I am frankly sickened by the prospect of the show in Rome at which the two previous popes will be canonized in a few days. Whatever that show is designed to do, what it ultimately communicates to me is how little I'm wanted, valued, respected by my church.

It seems, in fact, designed to drive that point home to me as an openly gay Catholic theologian living in a longterm committed relationship with another openly gay Catholic theologian, both of whom lost our jobs and found our careers as theologians definitely shattered during John Paul II's papacy. The message that the canonization of John Paul II gives me, which is reinforced when leading centrist Catholic publications like National Catholic Reporter support the choice to canonize the former pope, is a loud and clear message that my Catholic church does not want me and does not care about the fact that I — and many, many other LGBT Catholics — have been actively driven from the church due to decisions made by Popes John Paul II and Benedict XVI.

Or, to put the point another way, the message that my church's pastors, reinforced by their media cheerleaders in publications like NCR, have succeeded in giving me is that any words they speak to me and other LGBT Catholics about the church's compassion for us and desire to include us are so much fluff, are so much sound and fury, signifying nothing. Since those words do not ever issue in concrete actions of pastoral outreach to make us feel wanted and and to include us, while the papal architect of a crusade to inform us in no uncertain terms that we don't belong among the intrinsically ordered people of God is elevated to sainthood with the cheers of the Catholic commentariat . . . .

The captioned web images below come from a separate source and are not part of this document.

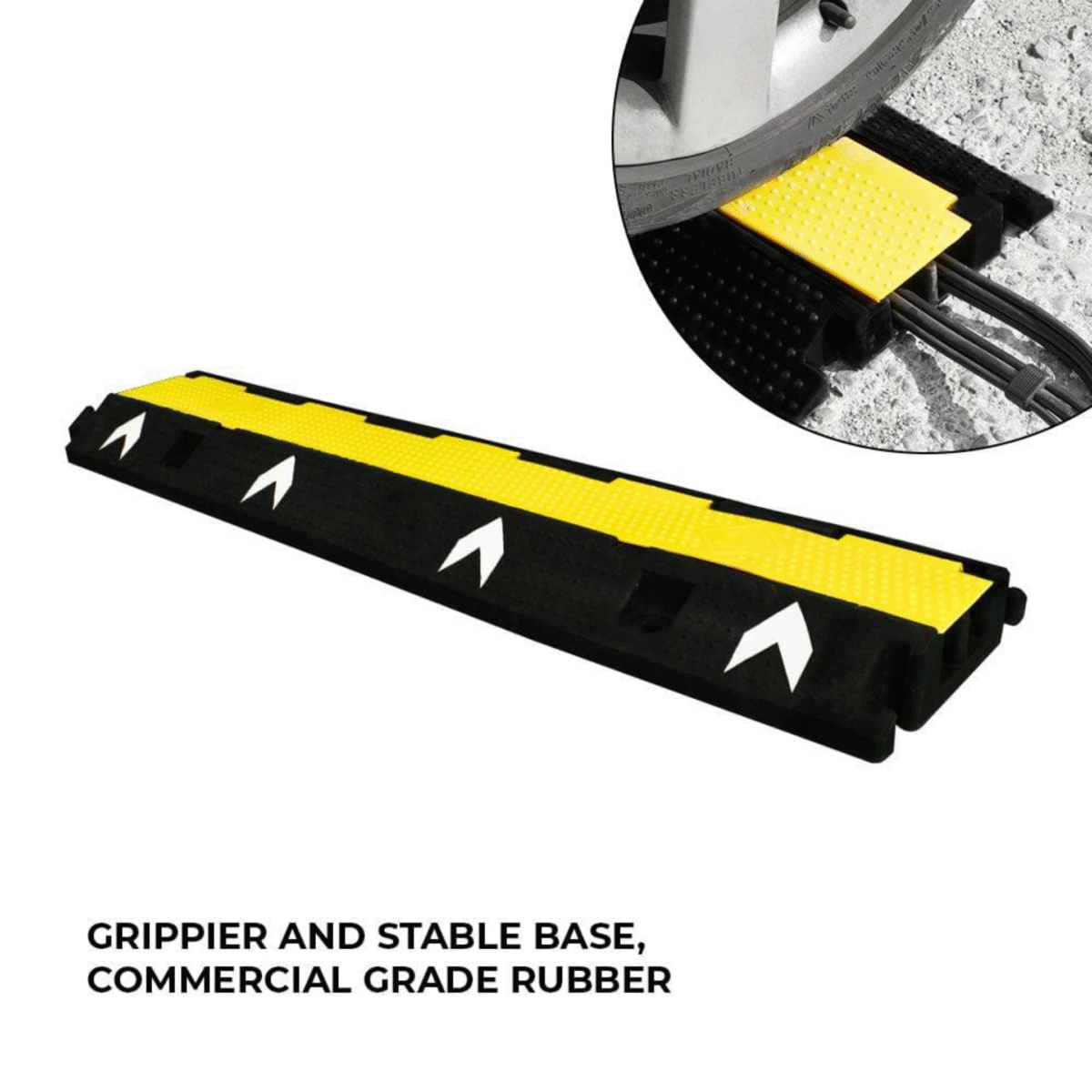 2 Channel PVC Reflective Cable Protector Ramp with Flip Open Lid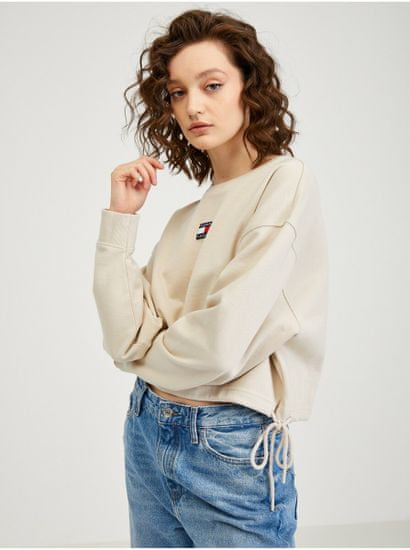 Tommy Jeans Béžová dámska oversize mikina Tommy Jeans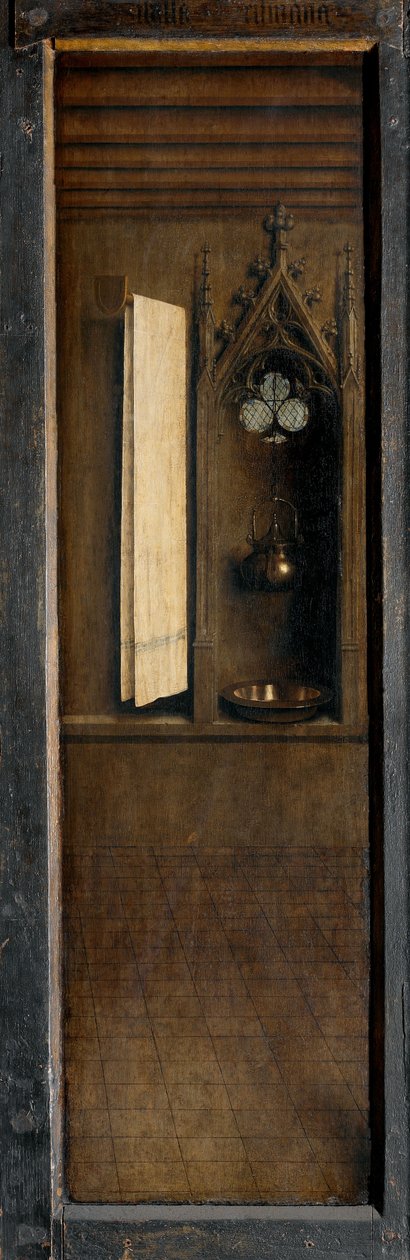 Panel från utsidan av den högra luckan på Gents altartavla av Hubert & Jan van (1390 1441) Eyck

The term "Catholic" continues to be defined over and against me as a gay human being both by my church's pastors and by those who defend these pastors in the Catholic academy and the Catholic media. And so Sunday will be a day of mourning for me — as I suspect it will be for many Catholic women, many survivors of childhood clerical abuse, and the many Catholic theologians whose vocations were ruthlessly blocked by Popes John Paul II and Benedict XVI.